A lawsuit was filed in a federal court in Washington, D.C., on Tuesday. Google is being accused of maintaining a monopoly through several exclusive business contracts and agreements that lock out competition.
“Today, millions of Americans rely on the Internet and online platforms…Competition in this industry is vitally important, which is why today’s challenge against Google…for violating antitrust laws is a monumental case both for the DOJ and for the American people.” — AG Barr pic.twitter.com/CG8UKXDtZo
— Justice Department (@TheJusticeDept) October 20, 2020
This is the most significant action the federal government has taken against a tech company in the past 20 years.
Google has issued an official response to the lawsuit calling it “deeply flawed,” and claiming it does “nothing to help consumers.”
“Today’s lawsuit by the Department of Justice is deeply flawed.

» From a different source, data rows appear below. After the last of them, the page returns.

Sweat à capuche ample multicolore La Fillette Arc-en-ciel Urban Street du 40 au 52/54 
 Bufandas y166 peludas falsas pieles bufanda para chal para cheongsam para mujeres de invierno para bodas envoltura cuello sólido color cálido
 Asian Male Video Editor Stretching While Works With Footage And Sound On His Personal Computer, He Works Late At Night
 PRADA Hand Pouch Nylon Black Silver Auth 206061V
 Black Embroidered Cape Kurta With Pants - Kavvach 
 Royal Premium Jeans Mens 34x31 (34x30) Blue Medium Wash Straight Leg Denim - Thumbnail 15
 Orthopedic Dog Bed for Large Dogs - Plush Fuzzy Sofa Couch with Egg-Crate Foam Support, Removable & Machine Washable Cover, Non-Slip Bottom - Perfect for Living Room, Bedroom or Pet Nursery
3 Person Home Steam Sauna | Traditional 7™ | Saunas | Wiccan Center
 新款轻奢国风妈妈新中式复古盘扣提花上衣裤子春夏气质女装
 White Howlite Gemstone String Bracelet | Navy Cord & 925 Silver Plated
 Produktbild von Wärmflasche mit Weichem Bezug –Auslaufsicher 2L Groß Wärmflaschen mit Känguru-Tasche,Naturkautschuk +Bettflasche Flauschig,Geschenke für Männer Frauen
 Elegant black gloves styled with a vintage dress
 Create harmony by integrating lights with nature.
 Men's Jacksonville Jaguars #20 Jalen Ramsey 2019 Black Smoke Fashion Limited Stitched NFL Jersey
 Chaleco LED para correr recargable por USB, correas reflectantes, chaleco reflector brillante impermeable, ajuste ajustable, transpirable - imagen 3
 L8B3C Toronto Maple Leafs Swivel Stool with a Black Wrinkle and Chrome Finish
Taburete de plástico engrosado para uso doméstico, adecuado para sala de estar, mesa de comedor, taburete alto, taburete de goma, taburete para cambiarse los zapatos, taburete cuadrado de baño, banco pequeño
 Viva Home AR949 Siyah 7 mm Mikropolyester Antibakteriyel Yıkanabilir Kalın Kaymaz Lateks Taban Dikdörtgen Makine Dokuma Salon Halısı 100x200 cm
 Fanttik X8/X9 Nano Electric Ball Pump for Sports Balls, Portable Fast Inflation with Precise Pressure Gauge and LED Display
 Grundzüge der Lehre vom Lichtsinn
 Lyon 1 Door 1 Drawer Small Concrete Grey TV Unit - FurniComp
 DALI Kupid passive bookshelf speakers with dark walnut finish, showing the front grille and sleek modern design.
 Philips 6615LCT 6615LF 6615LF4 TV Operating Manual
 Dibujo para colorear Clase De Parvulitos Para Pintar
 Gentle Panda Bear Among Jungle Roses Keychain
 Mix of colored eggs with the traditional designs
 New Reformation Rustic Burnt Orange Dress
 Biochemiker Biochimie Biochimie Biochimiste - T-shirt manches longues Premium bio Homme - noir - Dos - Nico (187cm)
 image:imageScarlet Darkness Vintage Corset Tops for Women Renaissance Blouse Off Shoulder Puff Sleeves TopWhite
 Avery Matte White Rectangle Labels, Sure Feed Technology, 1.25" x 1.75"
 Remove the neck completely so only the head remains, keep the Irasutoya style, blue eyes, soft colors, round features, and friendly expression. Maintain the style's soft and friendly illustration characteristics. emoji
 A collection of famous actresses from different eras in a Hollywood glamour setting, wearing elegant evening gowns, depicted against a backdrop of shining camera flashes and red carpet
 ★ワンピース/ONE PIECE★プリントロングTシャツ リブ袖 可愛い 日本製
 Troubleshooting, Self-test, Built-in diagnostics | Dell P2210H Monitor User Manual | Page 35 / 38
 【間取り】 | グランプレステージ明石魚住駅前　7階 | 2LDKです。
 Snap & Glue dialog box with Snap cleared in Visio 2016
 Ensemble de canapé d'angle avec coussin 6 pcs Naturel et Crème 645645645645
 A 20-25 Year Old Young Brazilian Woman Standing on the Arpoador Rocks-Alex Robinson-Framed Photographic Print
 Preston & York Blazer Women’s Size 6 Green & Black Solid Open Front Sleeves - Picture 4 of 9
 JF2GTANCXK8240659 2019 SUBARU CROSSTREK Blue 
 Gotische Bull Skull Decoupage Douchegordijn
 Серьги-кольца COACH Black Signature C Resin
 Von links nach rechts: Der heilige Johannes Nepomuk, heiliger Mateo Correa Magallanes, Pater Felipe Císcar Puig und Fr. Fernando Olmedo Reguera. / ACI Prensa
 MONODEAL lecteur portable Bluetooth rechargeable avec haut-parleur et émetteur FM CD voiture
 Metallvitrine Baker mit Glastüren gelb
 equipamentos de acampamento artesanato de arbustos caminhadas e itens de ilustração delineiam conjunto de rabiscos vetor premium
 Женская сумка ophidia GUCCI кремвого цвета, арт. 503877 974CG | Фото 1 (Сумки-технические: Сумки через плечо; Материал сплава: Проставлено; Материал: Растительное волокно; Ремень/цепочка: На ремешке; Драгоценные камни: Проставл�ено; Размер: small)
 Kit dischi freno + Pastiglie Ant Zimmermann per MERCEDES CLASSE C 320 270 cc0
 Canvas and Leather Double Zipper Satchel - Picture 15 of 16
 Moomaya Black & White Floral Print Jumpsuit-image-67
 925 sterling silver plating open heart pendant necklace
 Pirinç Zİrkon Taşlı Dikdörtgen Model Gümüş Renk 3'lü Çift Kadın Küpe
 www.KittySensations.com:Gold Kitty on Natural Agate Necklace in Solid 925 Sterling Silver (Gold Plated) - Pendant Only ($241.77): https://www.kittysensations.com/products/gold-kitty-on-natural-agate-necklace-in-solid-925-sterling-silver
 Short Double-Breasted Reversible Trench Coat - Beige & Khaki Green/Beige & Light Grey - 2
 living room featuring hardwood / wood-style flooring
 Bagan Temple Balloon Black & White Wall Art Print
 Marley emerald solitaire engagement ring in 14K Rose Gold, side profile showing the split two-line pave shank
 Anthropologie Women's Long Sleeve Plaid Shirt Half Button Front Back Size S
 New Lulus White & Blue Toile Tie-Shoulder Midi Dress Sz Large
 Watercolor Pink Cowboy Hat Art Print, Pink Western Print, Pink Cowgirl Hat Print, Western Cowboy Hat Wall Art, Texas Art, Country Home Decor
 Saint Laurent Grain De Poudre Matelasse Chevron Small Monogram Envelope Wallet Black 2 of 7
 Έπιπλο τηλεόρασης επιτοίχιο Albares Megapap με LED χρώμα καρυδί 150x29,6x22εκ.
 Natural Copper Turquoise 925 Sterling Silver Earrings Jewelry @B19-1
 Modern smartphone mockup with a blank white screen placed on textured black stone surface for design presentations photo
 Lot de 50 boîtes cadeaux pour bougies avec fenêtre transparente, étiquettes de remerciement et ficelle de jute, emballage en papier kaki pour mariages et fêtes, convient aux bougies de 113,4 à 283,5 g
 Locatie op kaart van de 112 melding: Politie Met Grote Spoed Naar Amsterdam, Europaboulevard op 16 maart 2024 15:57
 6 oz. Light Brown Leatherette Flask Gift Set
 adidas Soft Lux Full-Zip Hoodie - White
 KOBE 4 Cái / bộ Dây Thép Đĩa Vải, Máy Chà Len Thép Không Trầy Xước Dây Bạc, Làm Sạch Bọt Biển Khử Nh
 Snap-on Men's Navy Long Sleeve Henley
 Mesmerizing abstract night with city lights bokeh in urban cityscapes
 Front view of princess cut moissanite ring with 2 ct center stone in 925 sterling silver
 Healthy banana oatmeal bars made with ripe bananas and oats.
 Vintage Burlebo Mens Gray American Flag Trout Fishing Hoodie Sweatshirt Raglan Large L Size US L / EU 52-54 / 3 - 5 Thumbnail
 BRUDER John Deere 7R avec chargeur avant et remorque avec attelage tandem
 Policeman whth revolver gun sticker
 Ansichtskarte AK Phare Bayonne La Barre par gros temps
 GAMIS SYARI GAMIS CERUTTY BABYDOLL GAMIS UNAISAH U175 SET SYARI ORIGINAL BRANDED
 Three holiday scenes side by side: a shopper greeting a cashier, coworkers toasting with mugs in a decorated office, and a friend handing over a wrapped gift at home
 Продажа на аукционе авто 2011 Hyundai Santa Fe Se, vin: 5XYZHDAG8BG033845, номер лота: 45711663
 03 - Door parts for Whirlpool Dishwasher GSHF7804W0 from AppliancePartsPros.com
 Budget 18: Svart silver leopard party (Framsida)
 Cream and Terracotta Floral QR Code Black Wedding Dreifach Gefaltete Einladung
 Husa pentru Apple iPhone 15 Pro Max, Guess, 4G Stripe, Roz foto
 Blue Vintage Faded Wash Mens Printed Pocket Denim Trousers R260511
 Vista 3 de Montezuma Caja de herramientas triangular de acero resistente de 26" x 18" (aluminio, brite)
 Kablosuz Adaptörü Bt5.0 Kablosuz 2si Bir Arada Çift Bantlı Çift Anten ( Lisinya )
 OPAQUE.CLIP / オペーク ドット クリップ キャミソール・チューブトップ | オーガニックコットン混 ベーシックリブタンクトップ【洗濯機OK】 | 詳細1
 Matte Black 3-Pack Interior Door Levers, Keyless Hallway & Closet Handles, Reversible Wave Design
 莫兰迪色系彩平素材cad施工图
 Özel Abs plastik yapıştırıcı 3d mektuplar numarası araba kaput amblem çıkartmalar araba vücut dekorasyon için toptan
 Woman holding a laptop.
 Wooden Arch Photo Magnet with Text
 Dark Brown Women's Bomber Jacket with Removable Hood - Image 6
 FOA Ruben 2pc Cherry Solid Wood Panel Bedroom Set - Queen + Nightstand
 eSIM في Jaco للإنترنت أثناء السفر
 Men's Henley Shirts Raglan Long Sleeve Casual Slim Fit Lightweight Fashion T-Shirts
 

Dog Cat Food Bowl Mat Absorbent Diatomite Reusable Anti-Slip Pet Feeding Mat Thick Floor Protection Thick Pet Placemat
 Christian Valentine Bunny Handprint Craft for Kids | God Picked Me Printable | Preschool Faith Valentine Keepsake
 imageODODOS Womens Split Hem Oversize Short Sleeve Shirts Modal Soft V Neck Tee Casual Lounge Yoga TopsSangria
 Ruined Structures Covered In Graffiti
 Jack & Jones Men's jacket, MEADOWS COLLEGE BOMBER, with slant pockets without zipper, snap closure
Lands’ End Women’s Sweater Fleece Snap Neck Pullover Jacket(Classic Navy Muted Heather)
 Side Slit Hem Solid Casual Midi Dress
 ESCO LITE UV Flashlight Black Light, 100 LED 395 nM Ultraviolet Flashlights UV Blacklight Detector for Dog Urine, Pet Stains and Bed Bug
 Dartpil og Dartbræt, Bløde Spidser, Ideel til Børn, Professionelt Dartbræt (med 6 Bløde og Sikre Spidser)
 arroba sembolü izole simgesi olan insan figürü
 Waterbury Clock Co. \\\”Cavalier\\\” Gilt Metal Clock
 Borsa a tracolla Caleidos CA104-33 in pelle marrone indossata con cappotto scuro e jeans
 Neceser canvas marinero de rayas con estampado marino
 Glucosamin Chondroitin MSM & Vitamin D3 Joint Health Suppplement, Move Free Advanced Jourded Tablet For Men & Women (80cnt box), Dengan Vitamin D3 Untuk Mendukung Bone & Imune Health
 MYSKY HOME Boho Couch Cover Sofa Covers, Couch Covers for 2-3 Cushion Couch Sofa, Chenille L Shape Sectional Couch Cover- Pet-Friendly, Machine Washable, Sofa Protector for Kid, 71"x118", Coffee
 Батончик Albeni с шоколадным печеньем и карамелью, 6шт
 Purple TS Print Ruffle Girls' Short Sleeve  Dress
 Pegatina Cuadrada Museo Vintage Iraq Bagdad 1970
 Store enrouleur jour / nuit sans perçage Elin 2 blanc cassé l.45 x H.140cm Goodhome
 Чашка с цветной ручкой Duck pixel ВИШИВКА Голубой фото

People use Google because they choose to, not because they’re forced to, or because they can’t find alternatives.”
Google goes on to say that, rather than helping consumers, the lawsuit will artificially promote “lower-quality” alternative search engines.
In addition, Google hypothesizes the lawsuit will also raise phone prices and make it harder for people to get the search services they want to use.
Here’s a complete rundown of the DOJ’s accusations and Google’s response to each of them.
Department of Justice Accusations / Google’s Response
Accusation: Google has agreements and contracts with businesses to promote its services.
“Yes, like countless other businesses, we pay to promote our services, just like a cereal brand might pay a supermarket to stock its products at the end of a row or on a shelf at eye level.”
On Android devices, Google has promotional agreements with carriers and device makers to feature its services.
This helps keep the operating system free, Google says, as well as reduce the price people pay for Android phones.
Rival apps are often preloaded onto Android devices as well.
Google notes that it doesn’t come preloaded on Windows devices, where Bing is the default search engine.
Accusation: Google pays Apple billions of dollars to be the default search engine on iPhones.
“Apple features Google Search in its Safari browser because they say Google is “the best.” This arrangement is not exclusive—our competitors Bing and Yahoo! pay to prominently feature, and other rival services also appear.”
Accusation: Google’s alleged monopoly over search and search advertising forces people to use its services, even if they don’t want to.
“The bigger point is that people don’t use Google because they have to, they use it because they choose to.
This isn’t the dial-up 1990s, when changing services was slow and difficult, and often required you to buy and install software with a CD-ROM.
Today, you can easily download your choice of apps or change your default settings in a matter of seconds—faster than you can walk to another aisle in the grocery store.”
The lawsuit also alleges that Americans aren’t proficient enough with technology to install and use Google alternatives.
Google says that’s not true while pointing out many of the world’s most popular apps aren’t preloaded – such as Spotify, Instagram, Snapchat, Amazon, and Facebook.
What Happens Now?
The historic lawsuit could stretch on for several years, according to technology policy experts at The New York Times.
For comparison, a similar lawsuit against Microsoft took over a decade to settle.
The investigation process which lead to this lawsuit took over a year on its own.
So we’re unlikely to get a satisfying conclusion any time soon, which makes this a particularly interesting story to follow.
It’s worth noting that Attorney General William P. Barr put immense pressure on the Justice Department to file this lawsuit before Election Day.
However, given how long the lawsuit may stretch on, reporters at the New York Times suggest it’s not politically motivated.